Preparation of a co-crystalline form of vinpocetine hydrochloride and maleic acid (Form H) A mixture of vinpocetine hydrochloride (25.2 mg, 0.06 mmol), maleic acid (15.1 mg, 0.32 mmol, 2 eq.) and EtOAc (0.4 mL) was sonicated in a bath for 1 min. The resulting white suspension was stirred for 19 h, then filtered and washed with EtOAc (0.1 mL). Pure co-crystalline Form H was obtained by evaporating to drying the resulting solution as white solid (yield 70 %).
The XRPD pattern for the co-crystalline Form H is shown in Figure 16.
The DSC profile for the co-crystalline Form H is shown in Figure 17. DSC analysis showed an endothermic event around 171°C which should correspond to the melting point of co-crystalline Form H.
The 1 H NMR spectrum of the co-crystalline Form H is shown in Figure 18. The 1 H NMR spectrum shown in Figure 18 displayed resonance signals coherent with a 1 :1 stoichiometry between vinpocetine hydrochloride and maleic acid.
EXAMPLE 2 - STABILITY TESTS
The stability of the new co-crystalline forms of vinpocetine hydrochloride Forms C, D, E, and H of the present invention was evaluated by exposure to atmosphere of a sample exposed on the XRPD sample holder under accelerated stability conditions according to ICH guidelines (75 ± 5 RH %, 40°C).
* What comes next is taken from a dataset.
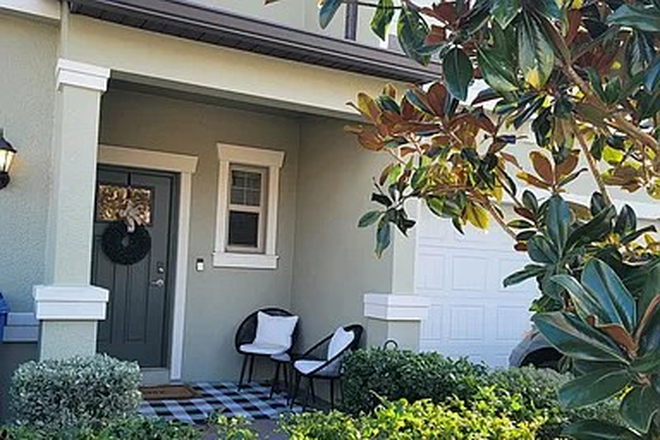 Outside Front Door Entrance - Stunning 3 Bed 2.5 Bath Townhome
The sample was analyzed by XRPD at different times to observe if the crystalline phase was stable.
Form C
Form C remained stable at 40°C under 75 ± 5% relative humidity for more than 21 days. Form D
Form D remained stable at 40°C under 75 ± 5% relative humidity for more than 14 days.
Form E
Form E remained stable at 40°C under 75 ± 5% relative humidity for more than 21 days.
Form H Form H remained stable at 40°C under 75 ± 5% relative humidity for more than 7 days.
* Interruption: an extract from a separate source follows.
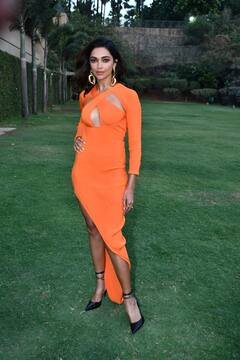 Deepika Padukone Gehraiyaan: फिल्म के प्रमोशन में दीपिका पादुकोण ने पहनी कट आउट मैक्सी ड्रेस, खूब हो रहे इस हसीना के लुक के चर्चे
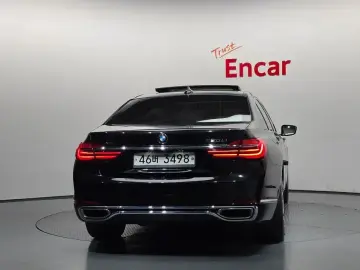 2015 BMW 7 серии с пробегом 92 628 км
The stability tests, summarized in the below Table 3, demonstrated that vinpocetine hydrochloride co-crystalline Forms C and E were stable at 40°C under 75 ± 5% relative humidity for more than 21 days. Under the same conditions co-crystalline Form D was stable for 14 days, Form H for 7 days. Furthermore, co-crystalline Form H was formed with a co-former very soluble in water.